AIG Life, the UK arm of New York-based insurance giant American International Group, said it has added to the range of products and tools it offers intermediaries who have international clients in need of protection insurance for their UK financial liabilities.
AIG originally said in April that it would be offering intermediated protection insurance to British expats living almost anywhere in the world via AIG Life’s term assurance, critical illness and whole of life products and to foreign nationals living in over 40 countries, provided they have a UK financial interest.
But today, Andy Roberts, the company’s London-based technical sales manager, said Family Income Benefit (FIB) has now been added to the range of products available to British citizens, alongside the “Key 3, Life Start and CIC Start” coverage.
International access to FIB, he noted, is being provided in response to demand from expat clients, who, although they live abroad, still have regular UK financial commitments, “such as paying for a child’s school or university fees, or a relative’s long-term care”.
In addition, Roberts said, the company is unveiling a new, “web-based information tool” that has been designed to help intermediaries identify whether their non-UK resident clients would be eligible to buy AIG’s protection insurance, and if so, which products and options would best suit them.
The tool may be found at www.aiglife.co.uk/intermediaries/international-decision-tool-start.
As it provides no underwriting information, client-specific information will still need to be assessed by AIG’s underwriters upon application.
As reported here in April, the AIG Life product for expats was conceived originally to assist those non-doms who are destined to be affected by the then-pending IHT on Enveloped Dwellings (IHTED) legislation.
The insurer launched this as HMRC prepared to put into force a new inheritance tax (IHT) liability on non-UK domiciles holding UK residential property via an offshore company or trust.
This was put on hold ahead of June’s General Election, but is expected to finally become law in September or October, once Parliament returns after the summer recess next month.
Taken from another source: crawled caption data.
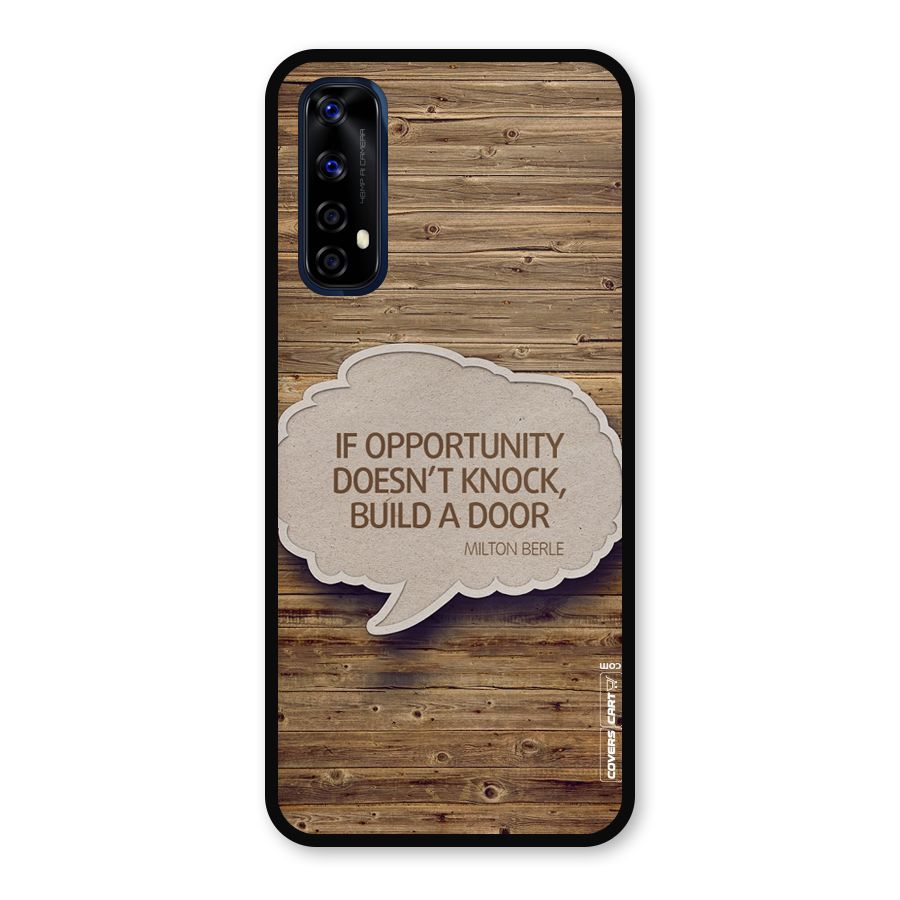 Build Your Door Metal Back Case for Realme Narzo 20 Pro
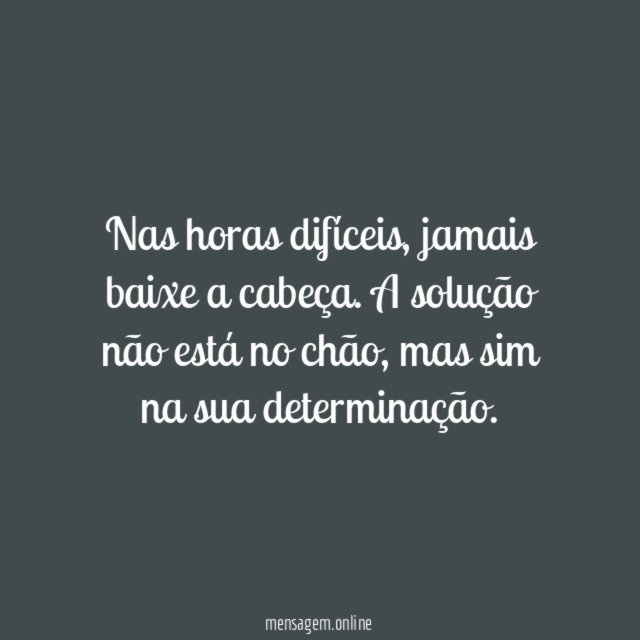 Determinação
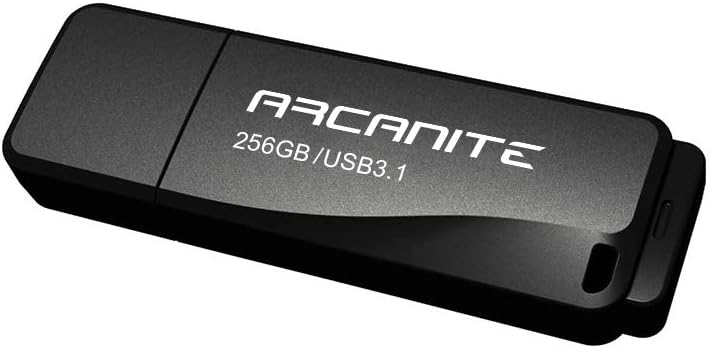 ARCANITE USB Memory 256GB USB 3.1 Ultra High Speed Up To 400MB/s Read Speed Up To 100MB/s Write Speed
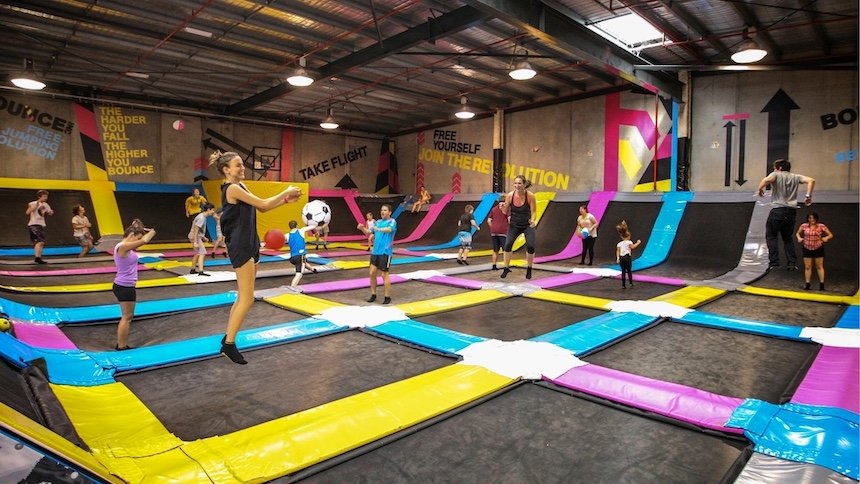 Trampolines and indoor play areas @ Bounce Glen Iris, Melbourne South East.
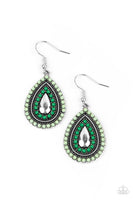 Paparazzi Beaded Bonanza - Earrings Green Box 101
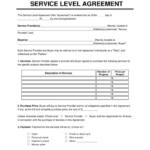 Free Service Level Agreement (Sla) Template | Pdf & Word Throughout Free Service Level Agreement Sample Template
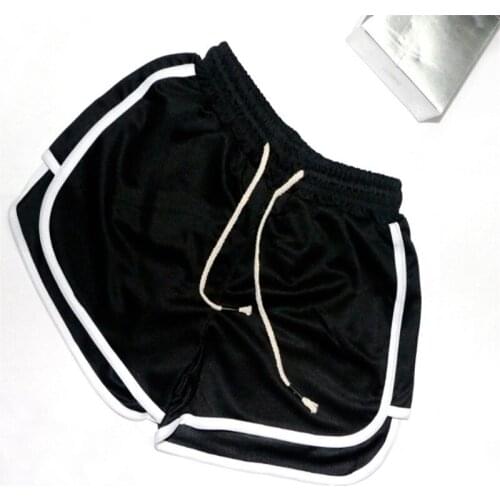 Women Running Sports Shorts Lage Size Quick-drying Loose Fitness Yoga Running Short Gym Yoga Elastic Waist Shorts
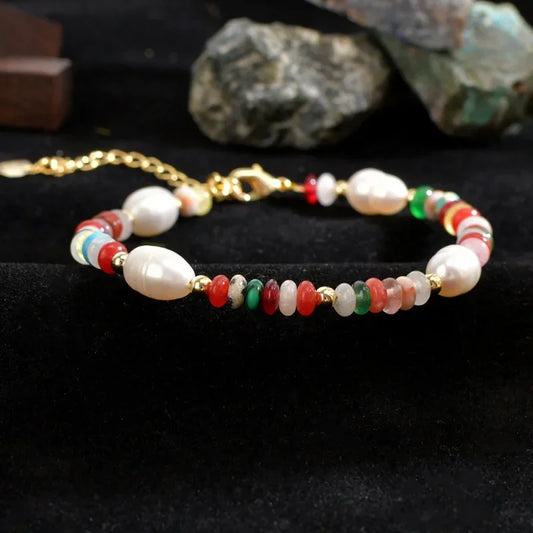 Natural Handmade Freshwater Pearl Bracelet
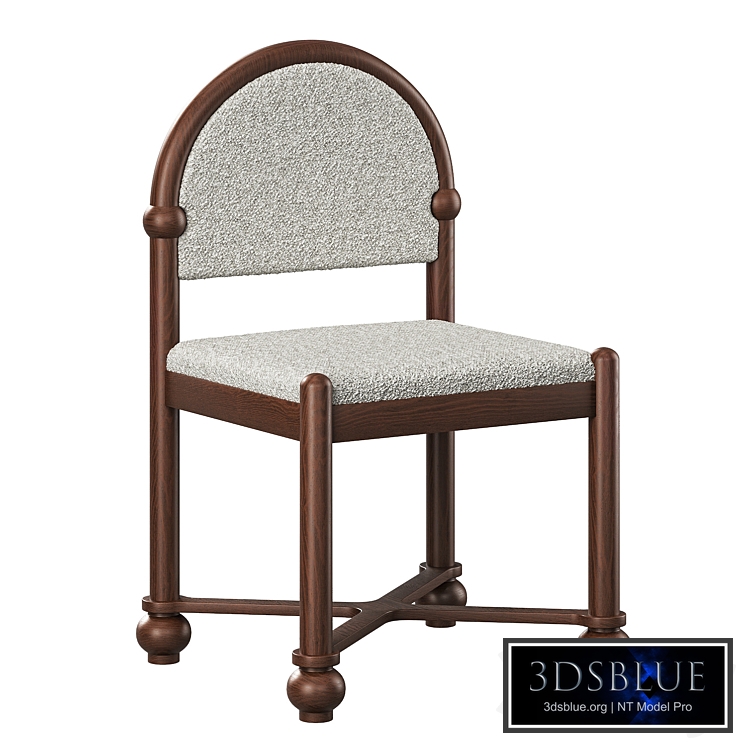 Chair with semicircular back Highquality loft-concept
Once it is formally enacted, the legislation will be retroactive to 6 April.
‘Enveloping’ for IHT avoidance to cease
Once the legislation comes into force, individuals who are neither UK-domiciled nor deemed domiciled for inheritance tax purposes will no longer be able to avoid IHT on their properties and certain other assets by a process of asset structuring known as “enveloping”.
“The IHTED legislation was expected to have been signed into law by now, but politics got in the way,” Roberts said.
“By opening access to more products and tools now, AIG is making sure intermediaries have everything they need to support international clients who need financial protection now or who could soon be affected by IHTED.”